Datasets¶
Hezar provides both dataset class implementations and ready-to-use data files for the community.
Hub Datasets¶
Hezar datasets are all hosted on the Hugging Face Hub and can be loaded just like any dataset on the Hub.
Load using Hugging Face datasets¶
from datasets import load_dataset
sentiment_dataset = load_dataset("hezarai/sentiment-dksf")
lscp_dataset = load_dataset("hezarai/lscp-pos-500k")
xlsum_dataset = load_dataset("hezarai/xlsum-fa")
...
Load using Hezar Dataset¶
from hezar.data import Dataset
sentiment_dataset = Dataset.load("hezarai/sentiment-dksf") # A TextClassificationDataset instance
lscp_dataset = Dataset.load("hezarai/lscp-pos-500k") # A SequenceLabelingDataset instance
xlsum_dataset = Dataset.load("hezarai/xlsum-fa") # A TextSummarizationDataset instance
...
The difference between using Hezar vs Hugging Face datasets is the output class. In Hezar when you load
a dataset using the Dataset
class, it automatically finds the proper class for that dataset and creates a
PyTorch Dataset
instance so that it can be easily passed to a PyTorch DataLoader
class.
from torch.utils.data import DataLoader
from hezar.data.datasets import Dataset
dataset = Dataset.load(
"hezarai/lscp-pos-500k",
tokenizer_path="hezarai/distilbert-base-fa", # tokenizer_path is necessary for data collator
)
loader = DataLoader(dataset, batch_size=16, shuffle=True, collate_fn=dataset.data_collator)
itr = iter(loader)
print(next(itr))
But when loading using Hugging Face datasets, the output is an HF Dataset instance.
So in a nutshell, any Hezar dataset can be loaded using HF datasets but not vise-versa!

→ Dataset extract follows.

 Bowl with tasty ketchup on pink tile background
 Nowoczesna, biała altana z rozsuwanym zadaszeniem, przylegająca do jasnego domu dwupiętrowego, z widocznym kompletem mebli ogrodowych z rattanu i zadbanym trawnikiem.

(Because Hezar looks out for a dataset_config.yaml
file in any dataset repo so non-Hezar datasets cannot be
loaded using Hezar Dataset
class.)
Dataset classes¶
Hezar categorizes datasets based on their target task. The dataset classes all inherit from the base Dataset
class
which is a PyTorch Dataset subclass. (hence having __getitem__
and __len__
methods.)
Some examples of the dataset classes are TextClassificationDataset
, TextSummarizationDataset
, SequenceLabelingDataset
, etc.
Dataset Templates¶
We try to have a simple yet practical pattern for all datasets on the Hub. Every dataset on the Hub needs to have a dataset loading script. Some ready to use templates are located in the templates/dataset_scripts folder. To add a new Hezar compatible dataset to the Hub you can follow the guide provided there.